This results in two log entries in Datadog which Datadog cannot parse to find the metadata since the JSON structure is broken. Both messages are registered as INFO messages and no alarm is generated even though levelname is set to ERROR in the first message. This is a problem that I think could be neatly solved by the logging library itself rather than the log driver (Fluent bit).

My suggestion is that the logging configuration accepts a parameter to allow log messages to be split into multiple parts before emitting them so that the JSON structure will always survives the journey to the logging tool. The first partial log message would have the correct log level and subsequent parts would be set to INFO. For example:

logger.configure(handlers=[{"max_size": 16000}])

The Fluent Bit metadata could be added inside the log record by Loguru to provide the same information: partial_message, partial_last, partial_ordinal.

Cheers, Kevin

mrkmcnamee avatar Oct 23 '23 09:10 mrkmcnamee

Hmm, it seems there is a solution for this in Fluent Bit but it requires building a custom Fluent Bit image. https://github.com/aws-samples/amazon-ecs-firelens-examples/tree/mainline/examples/fluent-bit/filter-multiline-partial-message-mode

mrkmcnamee avatar Oct 24 '23 06:10 mrkmcnamee

I will reopen the issue to get an opinion on this.

While a custom built Fluent Bit image can solve the problem, it seems like a lot of work, and in some cases could be a non-starter for some teams.
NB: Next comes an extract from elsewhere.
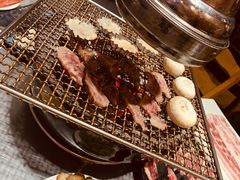 -合易泓烤肉•首创生椰大油边(宁山路店)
For my own part, I could build a custom image, but then I am forced into maintaining yet another project which I am reluctant to do.

That Loguru (or any logging library) could be configured to adapt to the available infrastructure and size messages appropriately seems like a good idea.
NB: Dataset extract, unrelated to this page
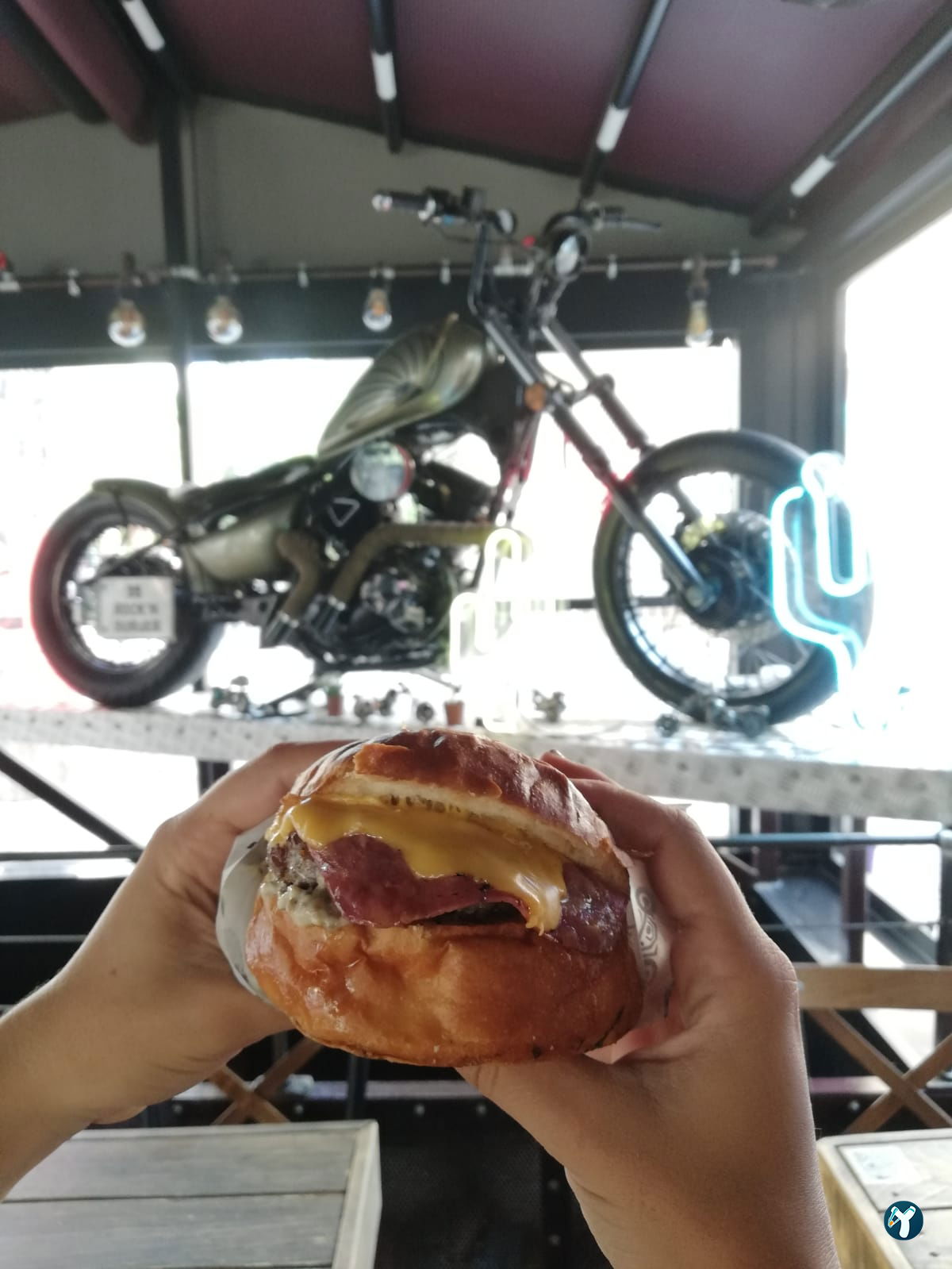 Rock'N Burger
mrkmcnamee avatar Oct 26 '23 11:10 mrkmcnamee

Hi @mrkmcnamee.

Thanks for providing detailed insight into the issue you're facing with Fluent Bit and Loguru.

I understand the problem you're encountering, but I am not inclined to incorporate such kind of workaround into Loguru. The 16KB size limitation is highly specific to Fluent Bit, and I believe it is beyond the scope of Loguru's responsibilities. Loguru is designed to provide a versatile and customizable API, allowing you to construct specialized handlers tailored to your specific development environment and external framework constraints.
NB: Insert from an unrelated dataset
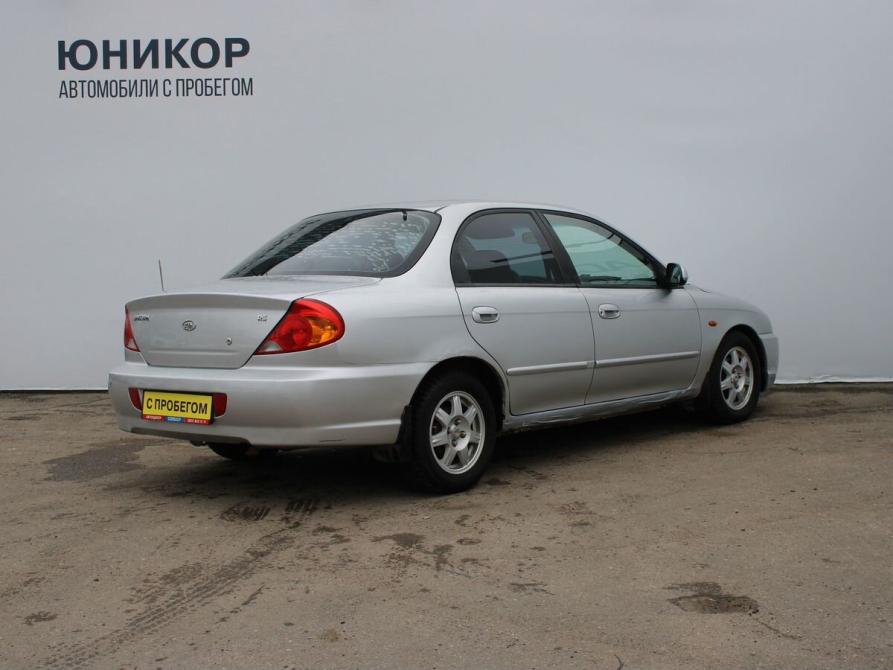 Kia Spectra I Рестайлинг 2 Нижний Новгород  - изображение 5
I'm not sure of the output you would expect, anyway. Wouldn't that be possible to write a custom sink in charge of splitting the logs?

Delgan avatar Oct 29 '23 10:10 Delgan

Point taken, and given that it is a specific use case then writing a custom sink would be a good solution. I am not sure if this is stated explicitly in the documentation, but can a sink emit two log messages at a time?

mrkmcnamee avatar Oct 29 '23 10:10 mrkmcnamee

Sinks don't emit logs, they only receive them (one by one) and write them to an endpoint.

Here is a fictive example:

def my_sink(message):
    parts = split_message(message) 
    for part in parts:
        sys.stderr.write(part + "\n")

logger.add(my_sink, serialize=True)

Delgan avatar Oct 29 '23 10:10 Delgan

Right, that's perfect, thanks.

mrkmcnamee avatar Oct 29 '23 11:10 mrkmcnamee

If you want to rely on some of the built-in features provided by a file sink, you can also implement the splitting procedure in a custom formatter, like the following:

def my_formatter(record):
    parts = split_record(record)
    formatted_parts = "\n".join(str(part) for part in parts)
    record["extra"]["formatted_parts"] = formatted_parts
    return "{formatted_parts}\n"

logger.add("file.log", formatter=my_formatter, rotation="00:00")

Delgan avatar Oct 29 '23 11:10 Delgan

I solved this by simply truncating the stack trace. The useful information was always found in the first part anyway. So the sink looks like this now:

import json
import logging
import sys
from loguru import logger


def datadog_sink(message):
    message_json = json.loads(message)

    # First move the stack trace to the exception dictionary:
    if message_json["record"]["exception"]:
        message_json["record"]["exception"]["exc_info"] = message_json["text"]
    message_json["text"] = message_json["record"]["message"]

    # Then truncate the stack trace
    if message_json["record"]["exception"]:
        maximum_exc_info_length = 15000
        if len(message_json["record"]["exception"]["exc_info"]) > maximum_exc_info_length:
            message_json["record"]["exception"]["exc_info"] = message_json["record"]["exception"]["exc_info"][:maximum_exc_info_length] + "... (traceback truncated)"

    serialized = json.dumps(message_json, default=str)

    print(serialized, file=sys.stdout, flush=True)


logger.configure(
    handlers=[
        {
            "sink": datadog_sink, 
            "format": lambda _: "{exception}",
            "level": logging.INFO,
            "serialize": True,
        }
    ]
)

mrkmcnamee avatar Dec 06 '23 15:12 mrkmcnamee